NEW powers for Holyrood proposed by the Smith Commission risk forcing Scotland into a “self-perpetuating cycle of economic decline” which could leave the country in a worse position that Greece, according to respected academics.
Economists Jim and Margaret Cuthbert, in a paper for the left wing Jimmy Reid Foundation, called for more powers to be transferred to Scotland if enhanced devolution is to work, and argued that a form of federalism may prove the price “if England wishes to preserve the Union”.
The cross-party Smith Commission package, agreed following the No vote in last September’s independence referendum, set out plans for powers including control of income tax rates, some welfare policy and limited borrowing to be transferred to Holyrood.
However, a series of experts have said they believe the agreement was hampered by the challenging timetable set out by Gordon Brown ahead of the vote, and pose a series of hugely complicated issues if it is implemented.
The Cuthberts argue that the transfer over income tax had been proposed along with little control of policy that could grow the tax base, which is a problem as a lower proportion of higher-rate taxpayers are resident north of the border.
The Scottish Parliament would also have insufficient borrowing powers to cover volatility in tax receipts, the economists found, while in practice it would be unable to set significantly higher tax rates as it would lead to skilled workers moving south.
They also concluded that there was no satisfactory solution to what has become known as the gearing problem. It is argued that if the UK Government funded an income tax cut by reducing services in reserved areas such as defence, Holyrood would effectively be forced into similar cuts to protect the Scottish economy.
However, the cut would have a disproportionate impact on Scotland, as Holyrood would be forced to make spending reductions in the limited areas it controls, such as education and health, which would not necessarily have been affected south of the border.
The report said it was “difficult, if not impossible” to find a solution without “something akin to a proper federal system for the UK.”
The Cuthberts also identified problems with the financial arrangements that would have to be formed between London and Edinburgh, which would have to be so complex that they “are unlikely to be able to be operated in an open and satisfactory fashion.”
The report concludes: “Any Scottish Government will actually be severely constrained in its freedom of action – and will also have to spend a lot of its policy effort acting in a reactive, rather than pro-active, mode. The constraints arise because, in practice, it will not be able to change rates of income tax in Scotland too much from those in the rest of the UK: because it is being handed a single tool to manage multiple problems: and because it has limited economic powers to attempt to grow the economy and the tax base.

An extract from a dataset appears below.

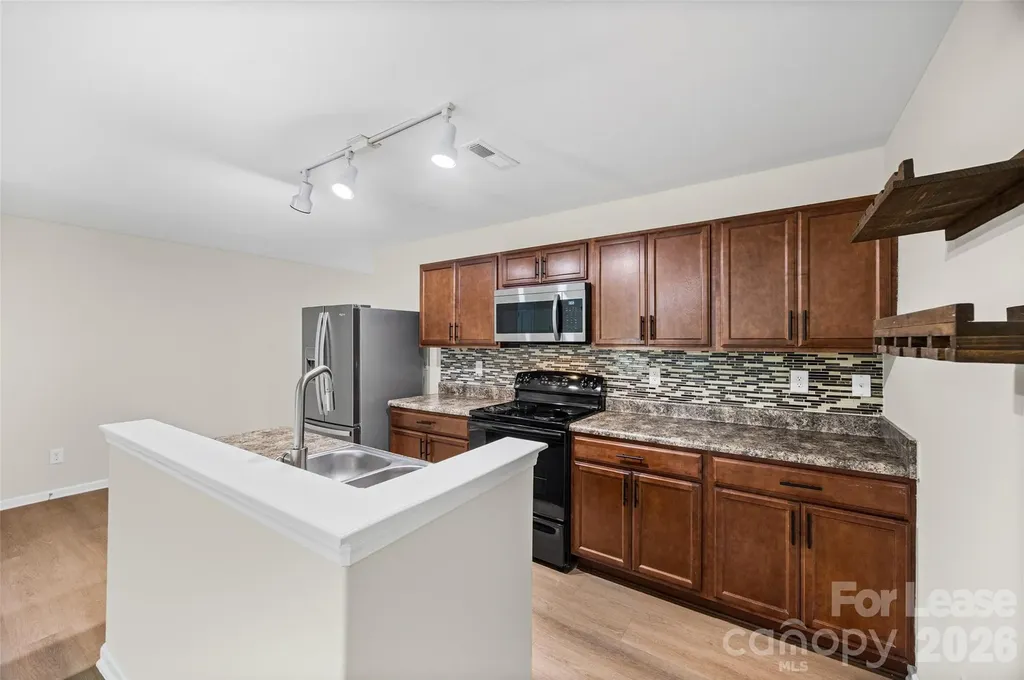 9612 Brackenview Court Charlotte NC 28214
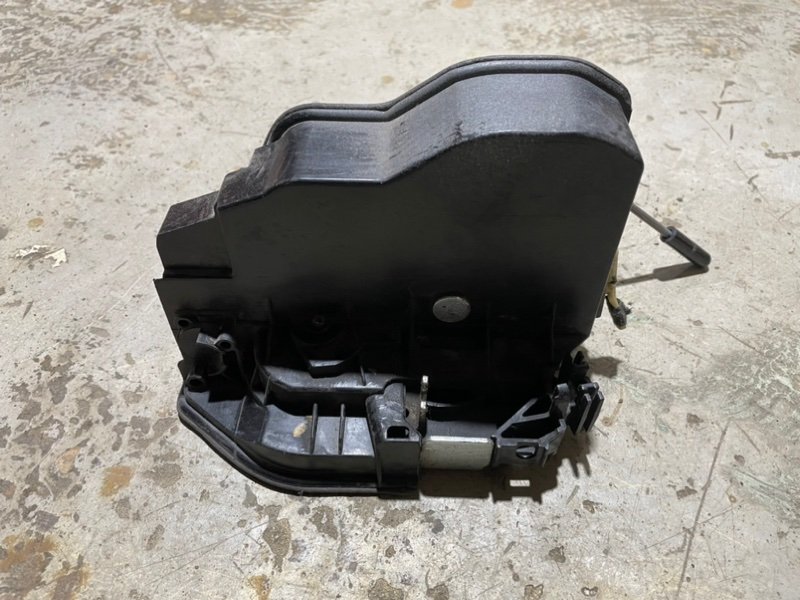 Замок двери задней правой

“The perversity of the way the Smith reforms are being implemented means that Scotland could well find itself in a position rather like Greece – locked into a cycle of relative decline within a malfunctioning monetary union. Indeed, in certain important respects, Scotland’s position would be worse than that of Greece. Scotland is a resource rich country, but barred from controlling or accessing much of its own resources, and Scotland does not have anything like the range of economic and taxation powers possessed by Greece.”
Mr and Mrs Cuthbert said: “The paper is of particular importance just now, when the new Conservative government is putting forward its proposals and timetable for implementing the Smith recommendations, and when the SNP will be seeking to use its increased muscle at Westminster to modify the proposals to give Scotland greater powers.
“The debates about implementation and modification have to be informed by a proper understanding of the problems inherent in Smith, some of which are highly technical, but have profound consequences.”